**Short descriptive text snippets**

──────────────────────────────

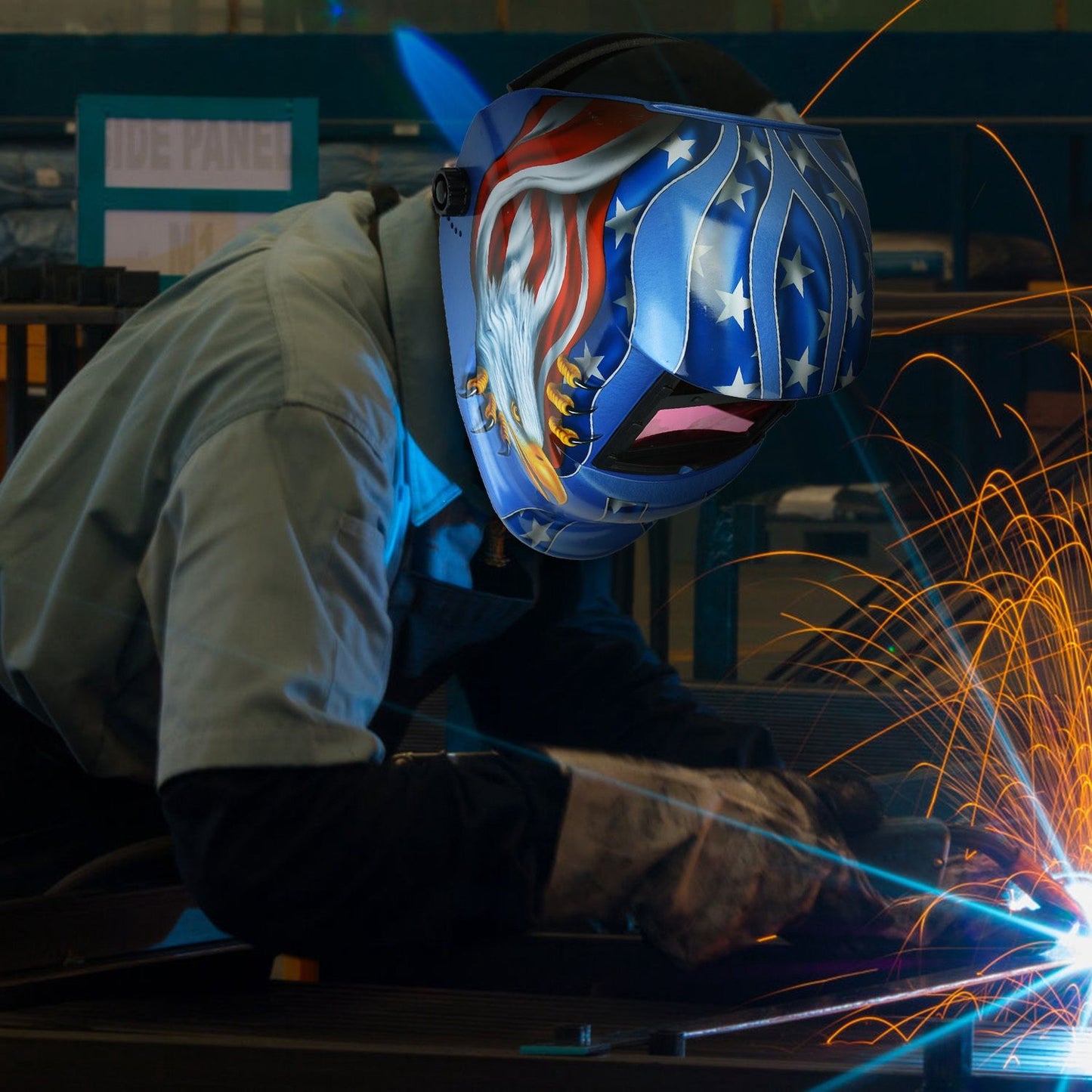 True Color Auto Darkening Welding Helmet - Solar Powered Mask for MIG/TIG/Arc & Grinding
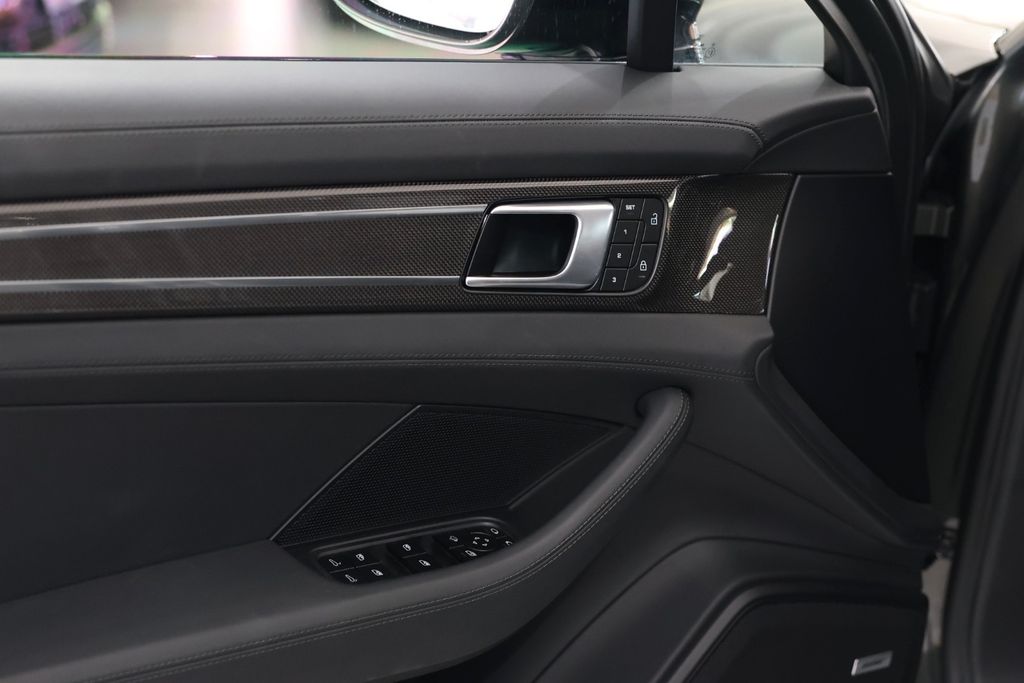 Porsche Panamera 2021 г. Зелёный, пробег 7780 км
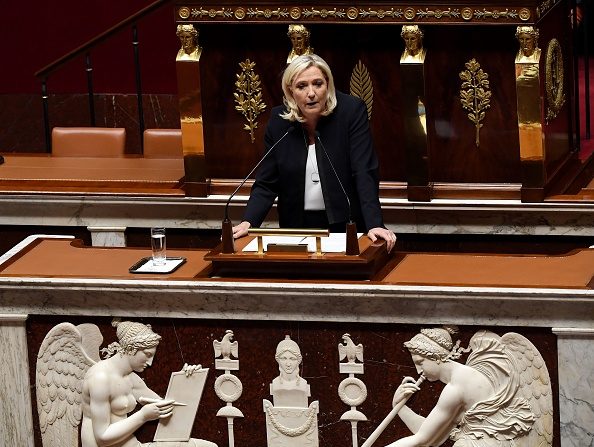 Marine Le Pen, présidente du Rassemblement national (RN), prononce un discours lors d'un débat sur la politique d'immigration de la France à l'Assemblée nationale à Paris, le 7 octobre 2019. (Photo : ALAIN JOCARD/AFP via Getty Images)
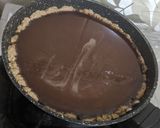 Foto langkah ke 4 dari resep Pie Susu Coklat Teflon.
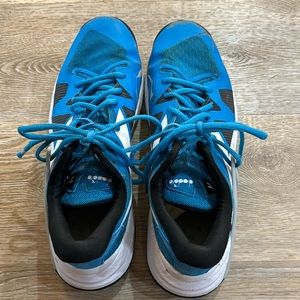 Men’s tennis shoes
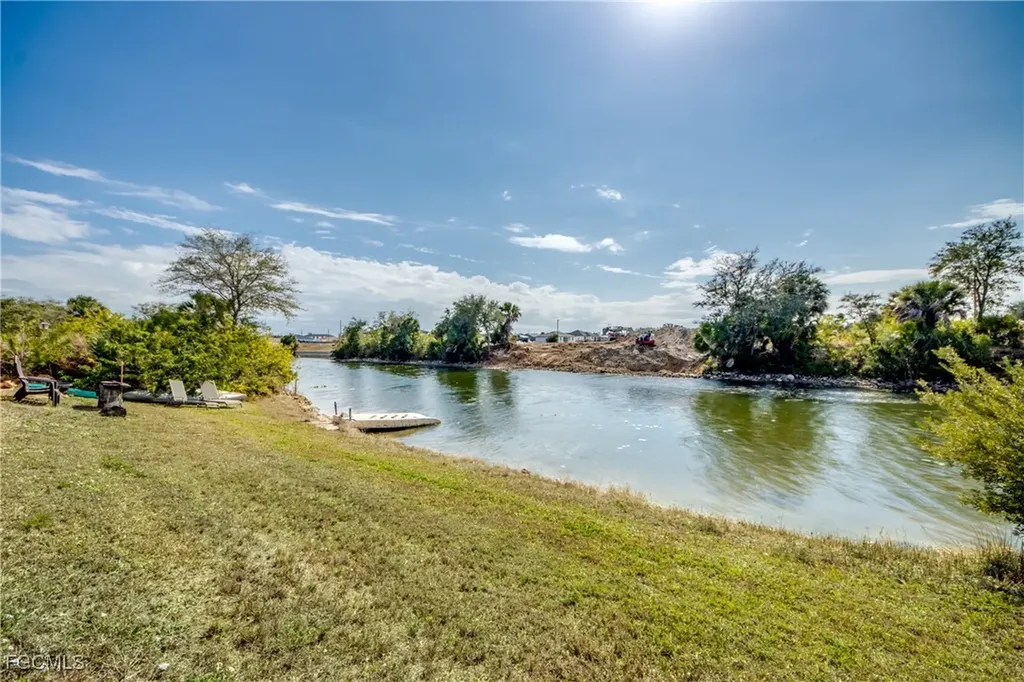 1324 NE 23rd Terrace Cape Coral FL 33909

──────────────────────────────

**Directions for this task**
No pictures should appear in the copy. Reproduce exactly the lines from the line containing "Foto langkah ke" through the last line of the data, inclusive.

**Output for this exercise**
 Foto langkah ke 4 dari resep Pie Susu Coklat Teflon.
 Men’s tennis shoes
 1324 NE 23rd Terrace Cape Coral FL 33909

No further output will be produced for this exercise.